Data segment:
·····

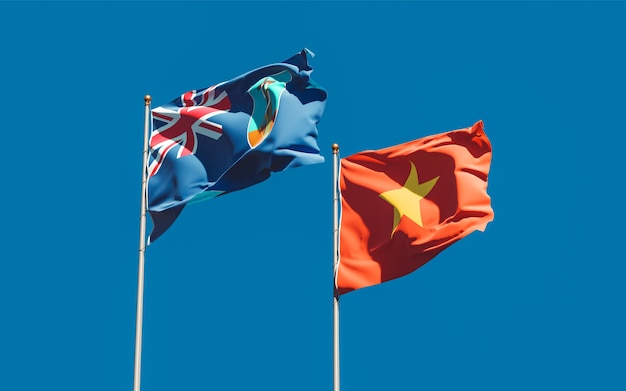 Drapeaux de Montserrat et du Vietnam sur fond de ciel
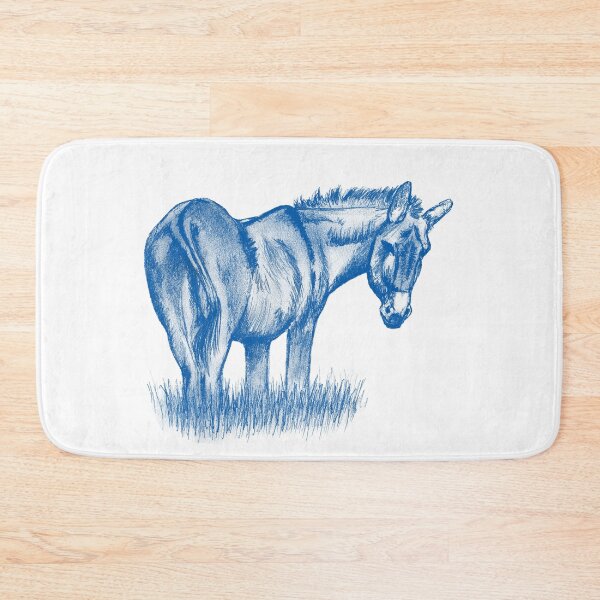 Item preview, Drawing of a donkey looking behind him, rear side view - blue colored version designed and sold by SylvieG18.
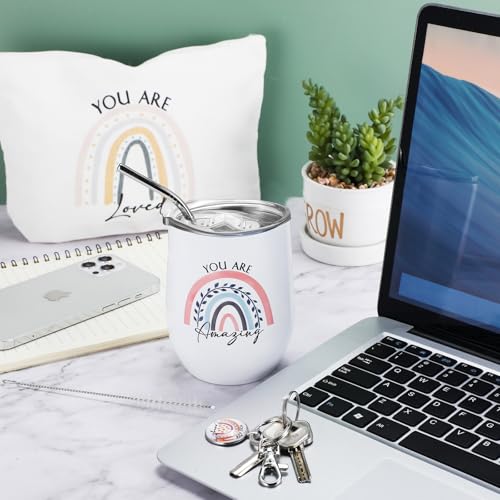 Tessco for you 3 Pcs Inspirational Gift for Women Boss Thank You Cup 12 oz Tumbler You're Enough Keychain Makeup Bag Employee Appreciation Gifts for Nurse Case Management Vet Tech(White,Rainbow)
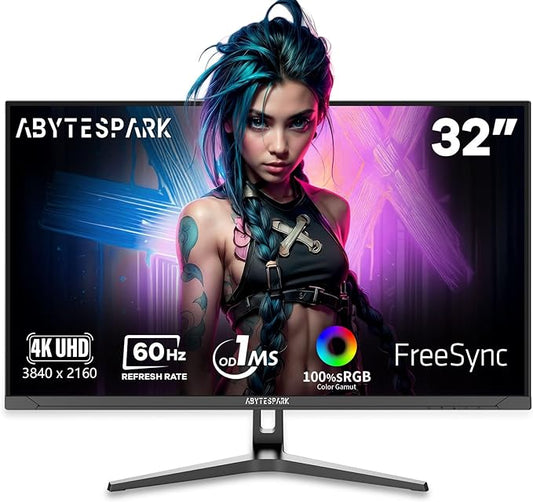 32 Inch Ultra Wide UHD 4K (3840 x 2160) Gaming Monitor, IPS 60Hz Ultra-Clear Screen, 1ms (MPRT), 100% sRGB, Built-in Speaker,FreeSync, 2 x DP 1.4 and 2 x HDMI 2.0, Tilt Height Adjustment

·····

Assignment: The listing above should be repeated word for word, pictures removed.

Response area:
 Drapeaux de Montserrat et du Vietnam sur fond de ciel
 Item preview, Drawing of a donkey looking behind him, rear side view - blue colored version designed and sold by SylvieG18.
 Tessco for you 3 Pcs Inspirational Gift for Women Boss Thank You Cup 12 oz Tumbler You're Enough Keychain Makeup Bag Employee Appreciation Gifts for Nurse Case Management Vet Tech(White,Rainbow)
 32 Inch Ultra Wide UHD 4K (3840 x 2160) Gaming Monitor, IPS 60Hz Ultra-Clear Screen, 1ms (MPRT), 100% sRGB, Built-in Speaker,FreeSync, 2 x DP 1.4 and 2 x HDMI 2.0, Tilt Height Adjustment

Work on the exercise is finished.